Marathon running race, people feet on city road

    Small study suggests marathons can damage your kidneys

    29 March 2017

    The physical stress of running a marathon can cause short-term kidney injury, according to research published in the American Journal of Kidney Diseases.

    The researchers, from Yale in the US, studied a small group of runners who took part in the 2015 Hartford Marathon. They collected blood and urine samples before and after the event. They analysed several markers of kidney injury, including serum creatinine levels, kidney cells on microscopy, and protein levels in urine.

    They found that 82 per cent of the runners studied showed stage 1 acute kidney injury soon after the race. The condition prevents kidneys from filtering waste from the blood.

    Although the kidneys of the runners fully recovered within two days, the study authors say that the results raise questions about the long-term impact of marathon running. Although the sport is increasing in popularity globally, there has been a slight decrease in marathon running in Britain (of 5.47 per cent between 2009 and 2014).

    The study’s lead author, Chirag Parikh, said: ‘The kidney responds to the physical stress of marathon running as if it’s injured, in a way that’s similar to what happens in hospitalised patients when the kidney is affected by medical and surgical complications.
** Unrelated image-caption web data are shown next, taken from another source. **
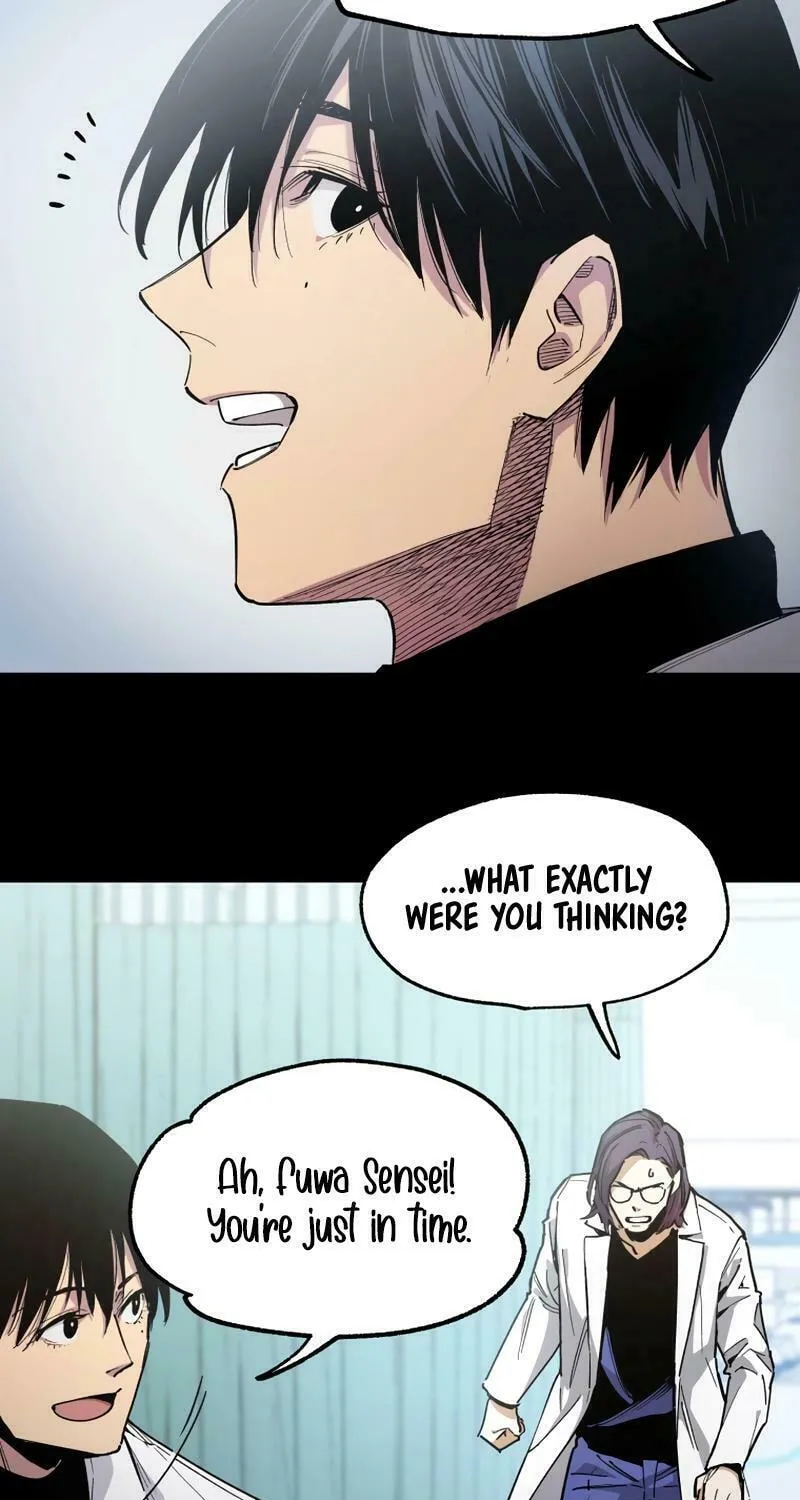 Read Black Surge chapter 15 image 19 on Lezhin
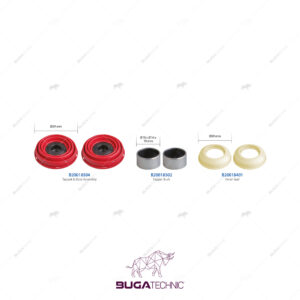 K001300 Caliper Piston Tapper Seals Repait Kit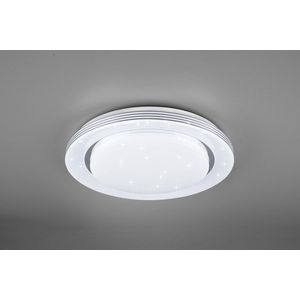 Plafoniera Atria, RL, 48x7.5 cm, 21W, 1x SMD, plastic, alb imagine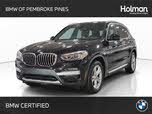 BMW X3 sDrive30i RWD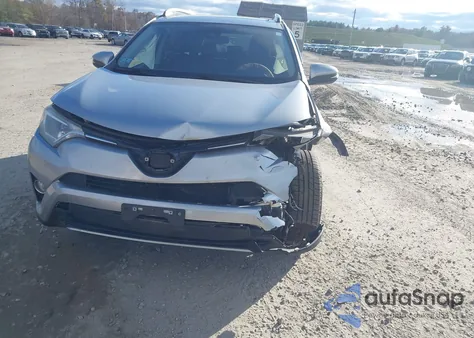 2018 Toyota Rav4 Adventure/Xle from USA, damaged, VIN JTMRFREV8JJ236731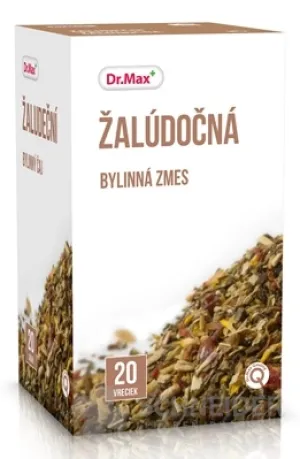 Dr.Max ŽALÚDOČNÁ BYLINNÁ ZMES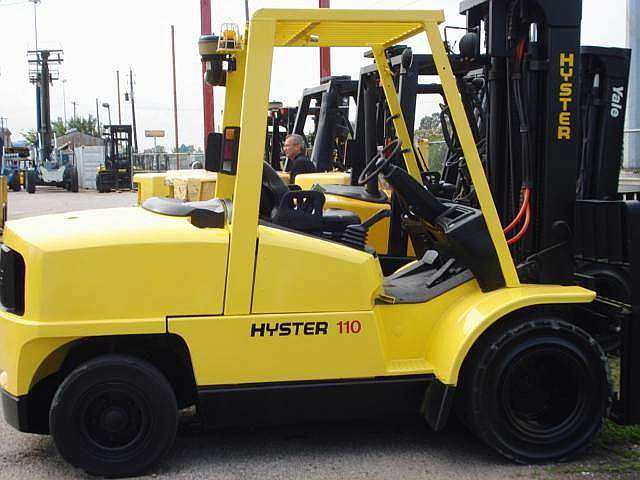 Montacargas Hyster H110XL2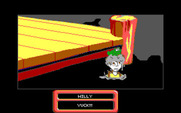 Adventures of Willy Beamish, The for IBM PC/Compatibles - Yuck! The water here is gross...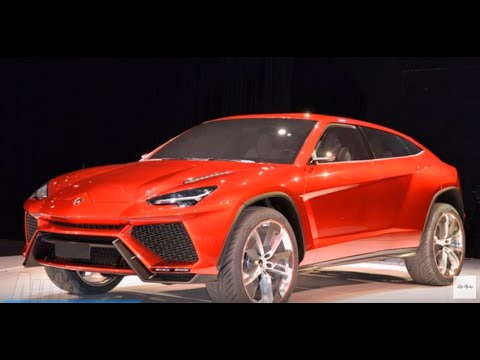 RE: Lamborghini Urus launched - Page 3 - General Gassing - PistonHeads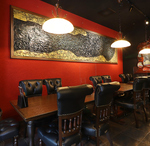 女子会や合コンにもご利用OK！！レトロでオシャレな雰囲気満点！！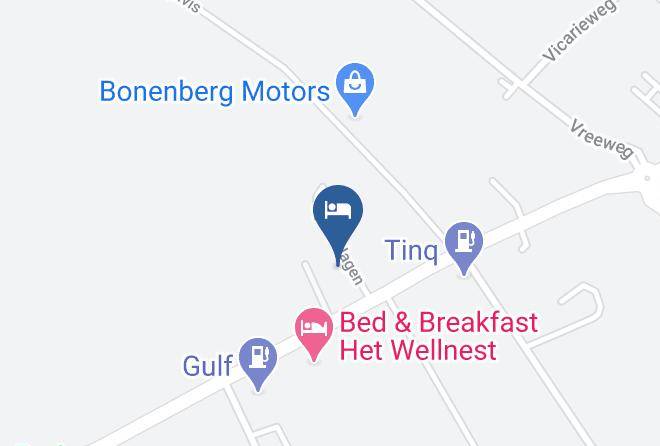 Levenslust Hulshorst Map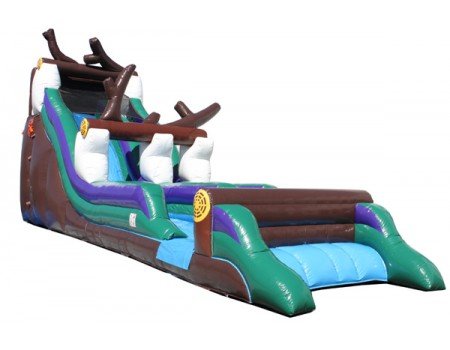 22' Wild Rapids Water slide 22' Wild Rapids Water slide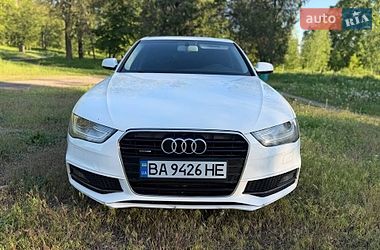 Седан Audi A4 2013 в Александрие Седан Audi A4 2013 в Александрие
    ‘We need to investigate this further. Research has shown there are also changes in heart function associated with marathon running. Our study adds to the story — even the kidney responds to marathon-related stress.’

    Instant analysis
    There have long been anecdotal reports from distance runners about the impact of running marathons on their kidneys and I have seen a number of them in my surgery over the years with post-race blood in their urine which settles away after a few days and all investigations tend to be clear. This Yale-led study confirms that the physical stress of running a marathon can cause very short-term kidney injury, possibly due to a combination of dehydration, trauma or reduced kidney blood flow.

    However, this was a very small study with limited clinical data available at all time points and larger studies are now needed to reproduce these findings. I also wonder what the point of the study was — it does not suggest we should stop endurance running or that marathons cause any long-term problems to the kidneys. The benefits of regular exercise would seem to far outweigh any potential risks such as this and so the usual advice about a healthy lifestyle remains unchanged.